### Dataset content
◇ ◇ ◇ ◇
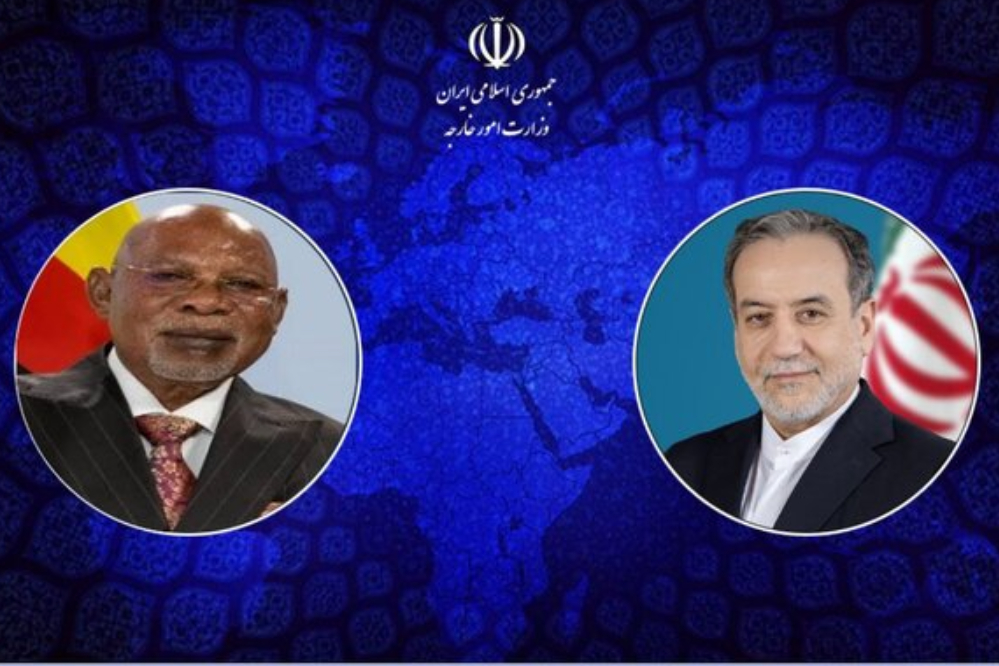 عراقجي يناقش مع وزير الخارجية الأوغندي وجهات النظر حول التطورات الدولية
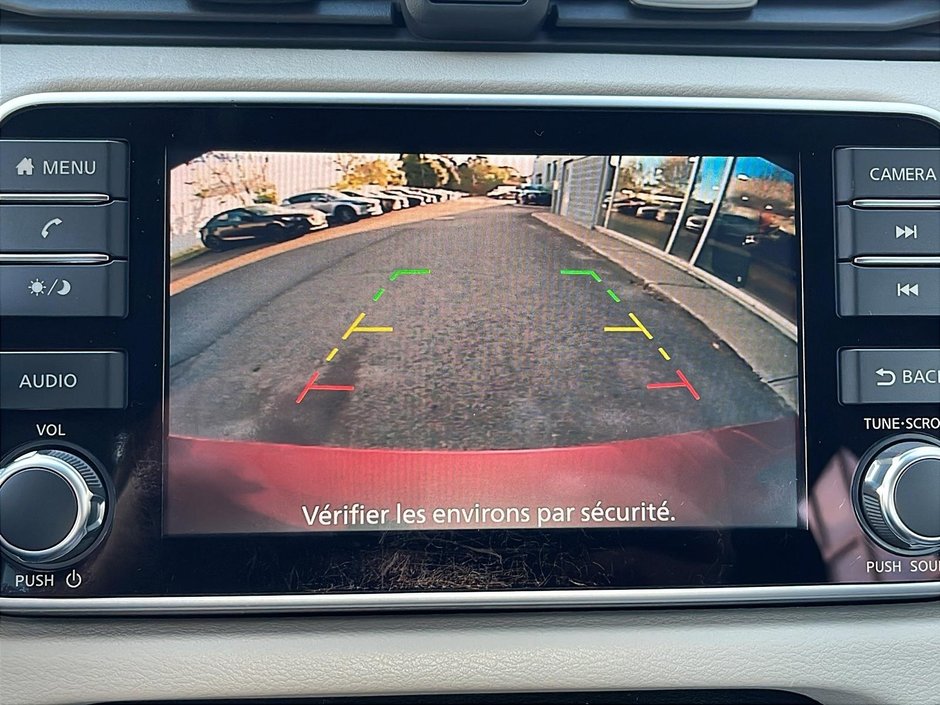 2021 Nissan Versa SV-15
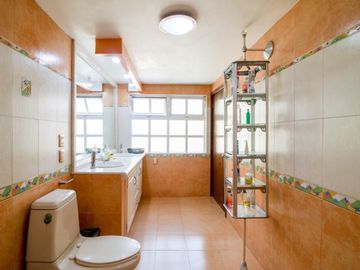 Se vende casa en excelente estado y amplia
◇ ◇ ◇ ◇
### What you will do
Line for line, retype the material exactly, omitting any pictures.

### Exercise answer
 عراقجي يناقش مع وزير الخارجية الأوغندي وجهات النظر حول التطورات الدولية
 2021 Nissan Versa SV-15
 Se vende casa en excelente estado y amplia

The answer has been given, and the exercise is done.